Return is not based on investment. Actually, in the
TAPS, they gave them a return that was unrelated to
investment. Five years before I filed a protest on
TAPS, the rate of return on equity for TAPS was over
100 percent per year for the last five years, because
it wasn't linked to investment.
Long-term agreements with no re-openers, if their
assumptions prove false - I put throughput down there.
When you build pipelines, you don't know how much of
the resource is really there. So, you need to admit to
yourself that you don't know. You also need to admit
to yourself that you know less than the people you're
negotiating with about what's there. Once you admit
those two things, then you're on the way to realizing
the limitations that if there are throughput
assumptions that go into setting those rates, that if
they go out and develop three or four times more
resource, that that three or four times more resource
isn't flowing through at those set rates because that
will result in exorbitant returns. So, if there is a
settlement, be sure that it can be reopened if it's
needed. If the assumptions prove false - and the state
has essentially taken itself and TAPS out of the
litigation for 25 years - that's the reason why it's
gotten so out of kilter. Many of the assumptions that
were made are false and throughput was one of them.

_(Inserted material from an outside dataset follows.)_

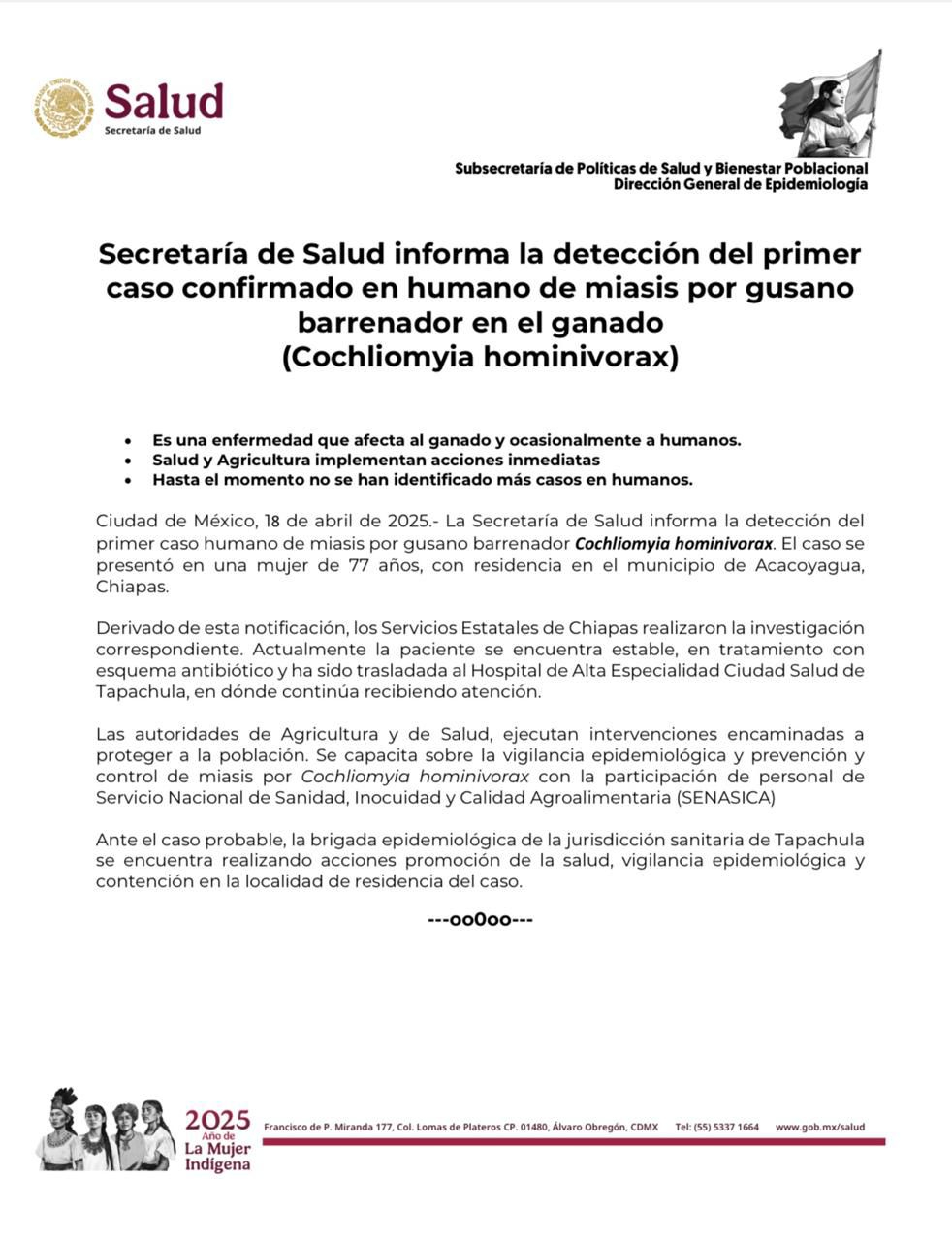 Autoridades de salud monitorean brote de miasis en Chiapas Autoridades de salud monitorean brote de miasis en Chiapas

If the settlement that comes before you is so complex
that it takes a team of experts a long time to explain
it, ratemaking is not complicated - not withstanding
you sitting through two days of less than pleasant
comment. If you don't understand it, then it's because
it's a bad deal. It's not because you're missing
something. If the settlement trust process was not
transparent, if other parties didn't participate, if
certainty is confused with predictability - and that
goes back to my earlier point that if you see any kind
of set rate rather than a methodology, then you've
lost. Then, if what you hear when it's presented [is]

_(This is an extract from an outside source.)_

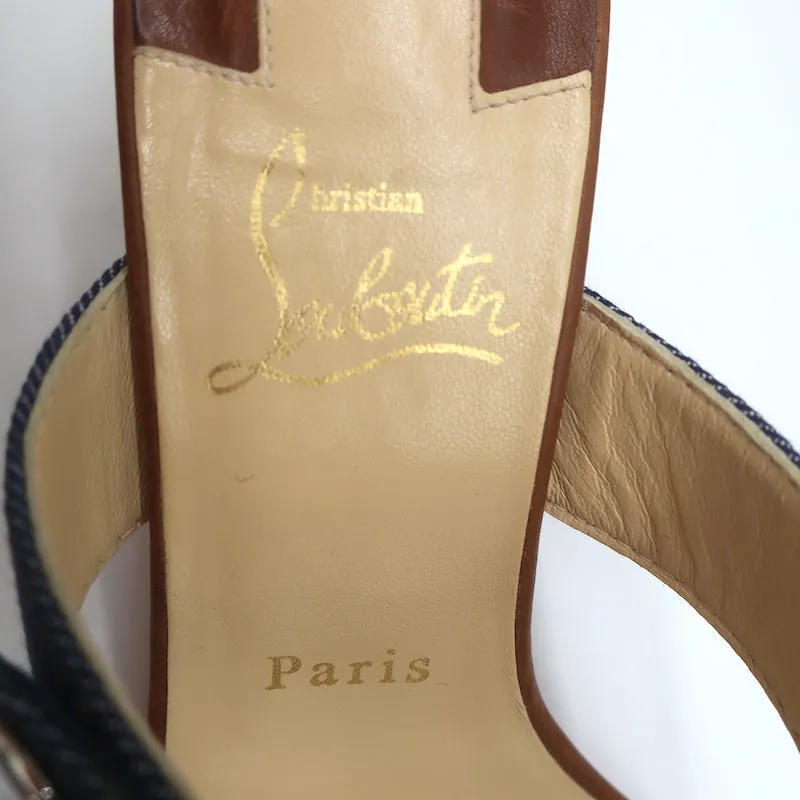Christian Louboutin Sandenim Slide Sandals Size 37.5 Open Toe Heels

the limitations, costs and risks of FERC litigation -
FERC litigation is not difficult. FERC has done a lot
to streamline its process. It would take 18 months to
two years for a rate case on this pipeline to go
through and one of the things that people continue to
confuse is that it matters what FERC's opinion is. The
D.C. Circuit really establishes ratemaking principles,
not FERC.
So, the question is how is the settlement consistent
or inconsistent with the ratemaking authority that the
D.C. Circuit has established that it will use to
review FERC.... So, don't have overstated to you the
costs or limitations of FERC litigation. Every once in
a while, go find out. For a $10 million check, you can
go set a just and reasonable rate at FERC in a two-
year process and that gives everybody a tremendous
amount of predictability because you then will have
established what the ratemaking principles that will
govern this line through its life will be. One of the
real problems with settlement is that you never really
know how that line is going to be regulated and
oftentimes complex settlements deviate so much that
they create their own problems if greater problems
than standard ratemaking were allowed to continue.
Those are my comments and I'd be happy to answer any
questions I can.
CO-CHAIR SAMUELS thanked Mr. Brena for his presentation.
CO-CHAIR OGAN considered Mr. Brena's allegations that the state
had been overcharged $12 billion to be serious and asked him to
explain what he meant.
MR. BRENA replied that he didn't intend it as an allegation, but
the Regulatory Commission of Alaska (RCA) sat through weeks of
hearings and Order 151 shows, on a year-by-year basis on
spreadsheets, that the over-collections were $9.9 billion
through 1996. He added investment return to that - had it not
been overcharged. The over-collection happened when the state
settled by signing a bad deal when it should have litigated.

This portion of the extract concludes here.